Une qualité qui mène loin
Pendant ce temps-là, Lysiane n’hésitait pas à pousser la porte des cuisines pour présenter le miracle des pleurotes du quartier. « Les chefs, habitués à leurs champignons de Pologne ou de Chine, ou même d’Ontario et de Colombie-Britannique, n’avaient jamais vu des pleurotes aussi frais, fermes et charnus! ». Les champignons, qui sont un produit fragile et périssable de nature, sont d’excellents candidats dans la production urbaine de proximité, avec le but d’être consommés rapidement dans un rayon de 10 km. Cultivés sans pesticide ni produit de synthèse, les pleurotes urbains de Blanc de gris sont disponibles localement à l’année. Les restaurateurs sont prêts à payer deux fois plus cher pour les mettre au menu. Le temps venu, certains n’ont pas hésité à pré-payer leurs commandes. « C’est arrivé qu’on n’ait plus de marge de manœuvre pour payer le loyer. C’est grâce à nos clients qu’on s’est relevé », se réjouissent-elles.
Se réorienter vers le B2C
La crise sanitaire est venue couper l’herbe sous le pied pour tous les acteurs de la restauration. Une fois de plus, Dominique et Lysiane ont fait face à un défi de taille. Elles ne pouvaient plus compter sur leurs clients, eux aussi mis en échec. « On a dû mettre à pied deux employés. On n‘avait pas de fonds de roulement et on a réalisé qu’on était dépendantes à 95% d’un seul secteur ». Les associées ont dû réorienter la cible de leur projet d’affaires, ainsi que le rôle et les engagements de chacune. « On ne peut pas laisser tomber après avoir surmonté autant d’obstacles ». Les entrepreneures se sont retroussé les manches et sont parties à la conquête d’autres segments du marché : le grand public, par l’entremise des épiceries fines locales, des abonnements de paniers et de la vente en direct aux particuliers.
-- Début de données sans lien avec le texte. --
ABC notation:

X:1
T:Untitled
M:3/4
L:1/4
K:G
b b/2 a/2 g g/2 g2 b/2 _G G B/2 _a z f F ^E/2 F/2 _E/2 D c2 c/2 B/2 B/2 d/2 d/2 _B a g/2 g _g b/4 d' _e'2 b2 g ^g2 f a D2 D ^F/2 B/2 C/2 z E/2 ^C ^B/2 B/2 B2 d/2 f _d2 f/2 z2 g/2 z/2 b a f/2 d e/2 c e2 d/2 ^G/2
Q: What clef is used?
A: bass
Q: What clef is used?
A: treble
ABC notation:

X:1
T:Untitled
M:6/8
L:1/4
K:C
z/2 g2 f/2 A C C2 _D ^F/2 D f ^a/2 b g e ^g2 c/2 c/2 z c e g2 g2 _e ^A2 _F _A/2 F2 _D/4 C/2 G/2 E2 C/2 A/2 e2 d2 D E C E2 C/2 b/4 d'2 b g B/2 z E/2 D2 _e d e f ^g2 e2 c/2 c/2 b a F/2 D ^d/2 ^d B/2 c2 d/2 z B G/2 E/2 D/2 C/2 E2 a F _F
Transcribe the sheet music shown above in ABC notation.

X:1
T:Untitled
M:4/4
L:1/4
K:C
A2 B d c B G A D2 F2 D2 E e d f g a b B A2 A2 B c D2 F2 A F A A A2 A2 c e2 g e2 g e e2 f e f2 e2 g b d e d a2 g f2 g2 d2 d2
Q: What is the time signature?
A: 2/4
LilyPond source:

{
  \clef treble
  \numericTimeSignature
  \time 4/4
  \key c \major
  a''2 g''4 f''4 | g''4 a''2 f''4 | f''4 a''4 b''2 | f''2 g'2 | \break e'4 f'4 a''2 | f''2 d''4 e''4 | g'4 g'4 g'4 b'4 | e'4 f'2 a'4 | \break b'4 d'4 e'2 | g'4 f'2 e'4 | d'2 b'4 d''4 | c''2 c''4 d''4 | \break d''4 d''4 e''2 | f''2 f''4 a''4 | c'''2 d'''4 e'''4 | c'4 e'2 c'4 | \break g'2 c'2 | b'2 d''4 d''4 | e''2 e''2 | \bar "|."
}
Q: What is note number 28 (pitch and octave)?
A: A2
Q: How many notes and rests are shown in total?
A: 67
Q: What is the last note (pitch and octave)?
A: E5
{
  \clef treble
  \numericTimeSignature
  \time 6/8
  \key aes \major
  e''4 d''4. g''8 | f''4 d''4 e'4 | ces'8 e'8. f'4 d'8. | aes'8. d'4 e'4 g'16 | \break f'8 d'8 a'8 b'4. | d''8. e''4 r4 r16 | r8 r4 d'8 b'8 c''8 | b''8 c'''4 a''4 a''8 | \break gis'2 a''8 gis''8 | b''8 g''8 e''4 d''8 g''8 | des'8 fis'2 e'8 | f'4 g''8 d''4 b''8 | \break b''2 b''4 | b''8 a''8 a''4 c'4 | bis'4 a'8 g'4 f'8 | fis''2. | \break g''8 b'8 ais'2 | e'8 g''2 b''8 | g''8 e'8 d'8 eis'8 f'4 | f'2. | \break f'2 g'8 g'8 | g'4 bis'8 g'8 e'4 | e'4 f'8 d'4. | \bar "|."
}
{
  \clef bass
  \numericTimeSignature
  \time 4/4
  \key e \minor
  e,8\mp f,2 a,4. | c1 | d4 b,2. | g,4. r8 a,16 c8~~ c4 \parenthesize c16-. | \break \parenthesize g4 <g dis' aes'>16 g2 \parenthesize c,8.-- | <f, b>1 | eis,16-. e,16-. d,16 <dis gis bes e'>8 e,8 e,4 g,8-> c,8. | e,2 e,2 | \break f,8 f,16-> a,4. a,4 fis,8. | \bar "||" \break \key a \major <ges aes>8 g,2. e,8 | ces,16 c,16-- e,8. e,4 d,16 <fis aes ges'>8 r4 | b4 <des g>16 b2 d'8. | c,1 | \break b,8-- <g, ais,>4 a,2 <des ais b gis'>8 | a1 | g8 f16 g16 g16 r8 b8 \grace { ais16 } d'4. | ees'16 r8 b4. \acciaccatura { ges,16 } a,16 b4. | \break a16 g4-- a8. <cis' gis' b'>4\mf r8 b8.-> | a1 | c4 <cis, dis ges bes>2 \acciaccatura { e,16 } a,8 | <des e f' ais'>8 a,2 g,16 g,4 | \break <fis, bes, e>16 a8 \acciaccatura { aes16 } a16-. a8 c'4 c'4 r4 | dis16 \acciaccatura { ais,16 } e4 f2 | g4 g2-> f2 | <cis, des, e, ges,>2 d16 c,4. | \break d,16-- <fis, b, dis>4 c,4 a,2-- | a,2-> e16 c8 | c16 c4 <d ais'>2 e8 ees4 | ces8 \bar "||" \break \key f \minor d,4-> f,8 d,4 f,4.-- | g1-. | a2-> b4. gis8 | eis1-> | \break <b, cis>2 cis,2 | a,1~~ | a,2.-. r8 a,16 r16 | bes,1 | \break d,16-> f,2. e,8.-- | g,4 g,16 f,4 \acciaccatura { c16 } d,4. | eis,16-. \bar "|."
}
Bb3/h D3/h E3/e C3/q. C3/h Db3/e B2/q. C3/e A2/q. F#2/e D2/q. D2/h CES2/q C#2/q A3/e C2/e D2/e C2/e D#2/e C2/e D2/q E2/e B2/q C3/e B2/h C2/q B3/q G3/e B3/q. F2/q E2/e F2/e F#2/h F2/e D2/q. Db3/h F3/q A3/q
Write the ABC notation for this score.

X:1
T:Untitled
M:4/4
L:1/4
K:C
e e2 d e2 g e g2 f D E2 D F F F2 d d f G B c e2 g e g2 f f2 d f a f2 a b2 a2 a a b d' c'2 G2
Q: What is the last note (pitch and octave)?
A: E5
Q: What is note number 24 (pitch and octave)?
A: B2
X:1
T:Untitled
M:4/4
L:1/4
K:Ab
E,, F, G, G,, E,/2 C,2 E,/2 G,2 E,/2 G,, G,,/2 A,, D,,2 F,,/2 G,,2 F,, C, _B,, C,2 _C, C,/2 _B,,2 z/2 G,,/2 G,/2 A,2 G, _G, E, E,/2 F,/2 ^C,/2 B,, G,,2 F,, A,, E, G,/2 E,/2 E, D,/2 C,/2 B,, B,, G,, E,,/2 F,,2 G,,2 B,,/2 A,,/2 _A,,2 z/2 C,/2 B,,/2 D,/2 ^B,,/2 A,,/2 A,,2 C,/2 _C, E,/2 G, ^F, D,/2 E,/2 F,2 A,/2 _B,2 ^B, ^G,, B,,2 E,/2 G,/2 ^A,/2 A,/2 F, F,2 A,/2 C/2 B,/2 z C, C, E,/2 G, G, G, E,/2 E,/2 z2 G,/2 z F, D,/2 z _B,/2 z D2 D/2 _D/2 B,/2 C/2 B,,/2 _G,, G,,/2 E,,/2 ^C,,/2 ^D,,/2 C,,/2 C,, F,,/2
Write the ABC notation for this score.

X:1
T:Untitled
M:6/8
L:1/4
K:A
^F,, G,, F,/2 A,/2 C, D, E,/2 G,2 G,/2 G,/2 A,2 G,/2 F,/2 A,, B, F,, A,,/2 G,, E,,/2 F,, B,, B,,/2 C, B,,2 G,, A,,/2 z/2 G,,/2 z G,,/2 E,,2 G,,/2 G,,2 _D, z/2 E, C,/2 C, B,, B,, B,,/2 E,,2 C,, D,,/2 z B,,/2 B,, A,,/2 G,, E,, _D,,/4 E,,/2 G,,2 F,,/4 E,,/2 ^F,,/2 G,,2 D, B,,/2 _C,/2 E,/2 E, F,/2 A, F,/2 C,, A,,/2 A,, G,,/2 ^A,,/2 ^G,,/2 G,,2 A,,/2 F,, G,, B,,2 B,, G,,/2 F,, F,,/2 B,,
Le Conseil des Industries Bioalimentaires de l’Île de Montréal (CIBIM), PME Montréal et l’École des entrepreneurs du Québec leur ont permis de mieux s’outiller, notamment en vue d’un site transactionnel.

C’est notre force de savoir bien s’entourer. – Lysiane Roy Maheu
Lysiane n’a pas hésité à se réorienter aussi: « Approcher un gérant d’épicerie par la grande porte, ce n’est pas la même chose que passer par la porte arrière des cuisines ! ». Il y a aussi le défi de la conservation en épicerie, qui les amène à repenser la transformation de leur produit, au-delà de la simple déshydratation. Qu’à cela ne tienne, elles poursuivent leurs efforts de pourparlers, notamment avec une microbrasserie pour annexer leur local et créer de nouvelles synergies. Elles sont aussi en discussion avec un de leur chef client pour créer des recettes de pleurotes marinés. Optimistes, frondeuses, Dominique et Lysiane ne se laissent pas impressionner et parlent déjà d’expansion de leur modèle d’affaires à d’autres villes.